The purpose of the meeting was to highlight the importance of the UNCLOS in carrying out UN Sustainable Development Goal No 14 regarding the conservation and sustainable use of seas and oceans (SDG 14).
The event featured the participation of numerous ambassadors, delegation heads, and representatives of more than 120 UN member states.
Upon addressing the event, Malcolm Evans, British Professor of Public International Law at Bristol University, said that UNCLOS and the "Charter of the Oceans" is the framework that governs all activities ongoing in seas and oceans worldwide. Indeed, it ensures a balance between the need to exploit resources from the sea and the freedom and the governance of the sea which serves common interests.
Most notably, dispute settlement mechanisms established under the UNCLOS serve to settle disagreements in a peaceful manner between countries whilst also promoting understanding of the UNCLOS.

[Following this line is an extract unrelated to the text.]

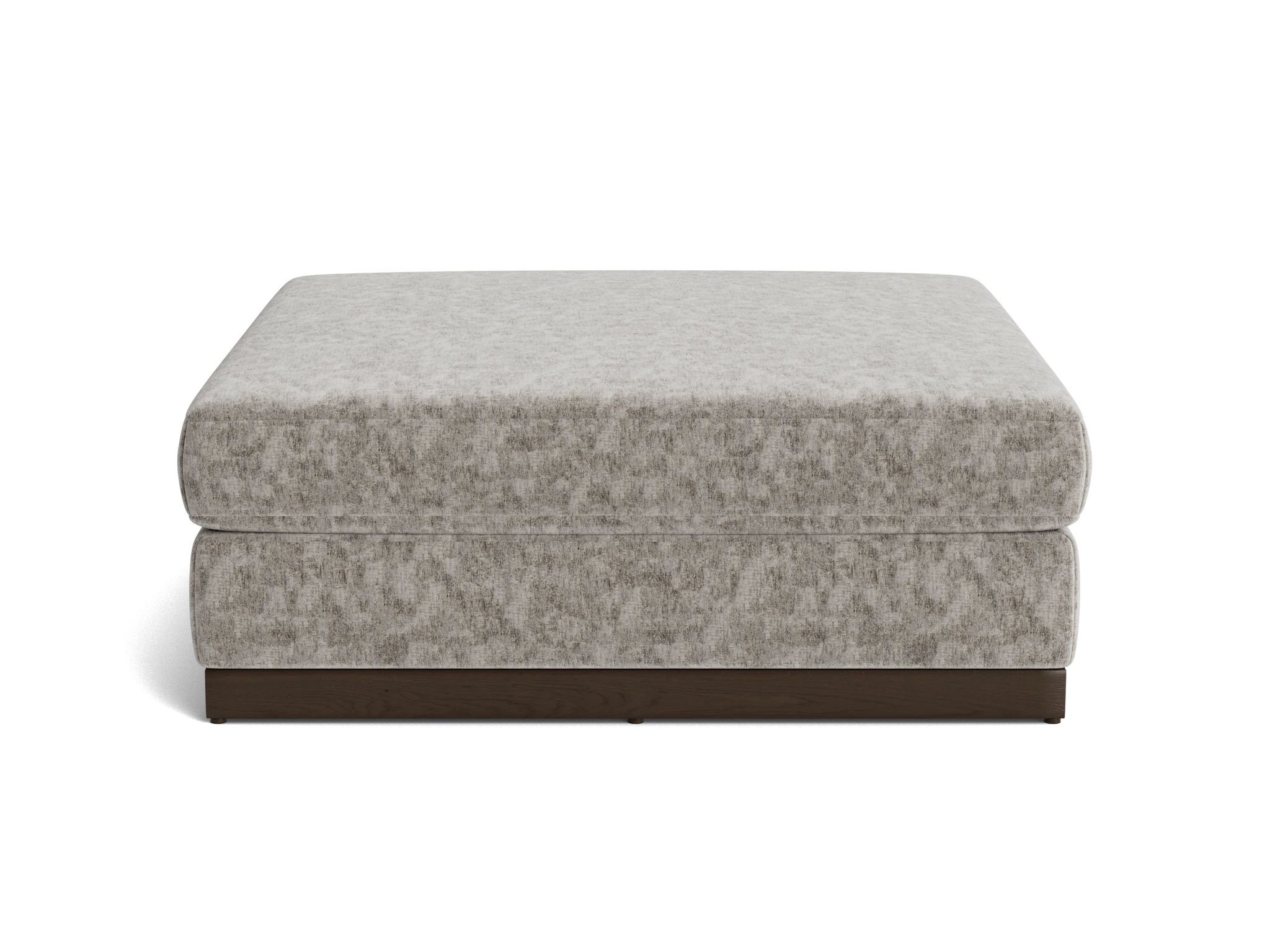 holt ottoman prime stone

As UNCLOS reflects the majority of the rules of customary international law that are binding on all countries, the interpretation and application of UNCLOS by courts and arbitral tribunals will be of great importance to all nations, both member and non-member states of UNCLOS, he said.
Furthermore, UNCLOS can be regularly updated in order to meet current and future challenges in the sea and ocean fields, such as safety and security of the sea, pollution of the marine environment, and exploitation of resources under sea bottom and biodiversity.
With regard to the implementation of SDG 14, Prof. Evans went on to note that the SDG14 goals mainly focus on the issue of "life below water" and the benefits for developing and underdeveloped countries from fishing activities. However, the SDG14 goals should be expanded as a means of meeting emerging sustainable development needs, such as exploiting resources on the seabed, responding to challenges posed by climate change, and rising sea levels, Prof. Evans added.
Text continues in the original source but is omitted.